Influence on Behavior

Partner Notification and Treatment

Nearly all those diagnosed with an STI in the intervention and control groups reported feeling able to notify their sexual partners of their test result. The exception was one young woman who had no contact details for a casual partner. Some of those in the intervention group said notification was done before receiving the texts, but others said that the texts about talking to your partner had helped them to have this discussion. Participants reported lacking confidence in telling a partner about an infection and it was particularly helpful to receive messages about how others had done so. The mode of delivery was compared favorably with the approach adopted in health care settings which was described as more didactic. When they told me first, yeah, at the hospital you have to tell him, I’m like no, I’m not going to tell him and they’re like, do you want us to call him? I’m like, no, I’m not going to give you his number and they’re like, well you have to, (laughs), you know, you have to tell him. I’m like, no, I don’t know how to, anyway, you have to, just find a way to tell him. So I wasn’t that confident ... but when I start this group (participation in the study) and they start telling me about chlamydia, that it’s not that dangerous, you can cure it, ... you have to get tested and all that so it actually helped me a lot. All participants diagnosed with chlamydia said that they and their main partner had been treated and that they had not had sexual intercourse in the week following treatment.

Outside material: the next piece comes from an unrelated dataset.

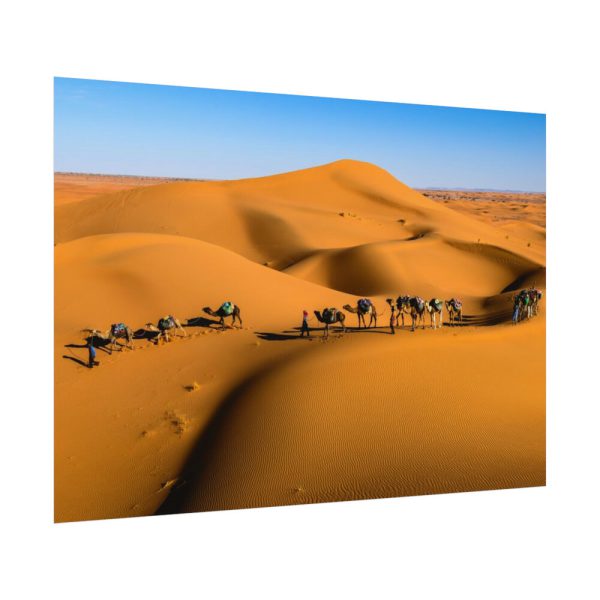92408-27.jpg Gold Sand Dunes Poster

Reassurance and Reduction of Stigma

The information received in text messages that chlamydia is common, that you may not know you have it, and that it is easily curable was said to have reduced concerns and stigma, which in turn increased confidence in telling a partner. Some described being distressed after receiving a positive chlamydia result and the text messages were able to give them some reassurance. They reported being able to tell partners about an infection without blaming them or being blamed. It basically said like not to blame him kind of thing ‘cos, so ... it made it easier for me to handle the fact that I had it as well as the fact that obviously I needed to tell him so it was more comfortable like ‘cos I wasn’t like angry or whatever. The texts were also seen as helping to manage their own or their partner’s anger and re-enforce that they had "done the right thing" in telling their partner. Well I got the text and it was like ‘Best way to tell your partner, sit down and explain it, and just say “Look, we both need to get treated”. So I did, I told him, he kicked off first of all, he weren’t very happy, and he was like ‘You’ve cheated on me’. I was like ‘No I haven’t, you blatantly know’. Then we stopped speaking for a couple of days, and then he said ‘Yeah, it’s cool, I’ve been treated’ … but yeah, that was basically it. I probably would of (notified her partner) because even though I don’t like him and even though I think that this whole problem is caused from him … I wouldn’t want it to be passed onto anyone else, … but then this sort of study has shown me that that’s the right thing to do and really you should just tell someone.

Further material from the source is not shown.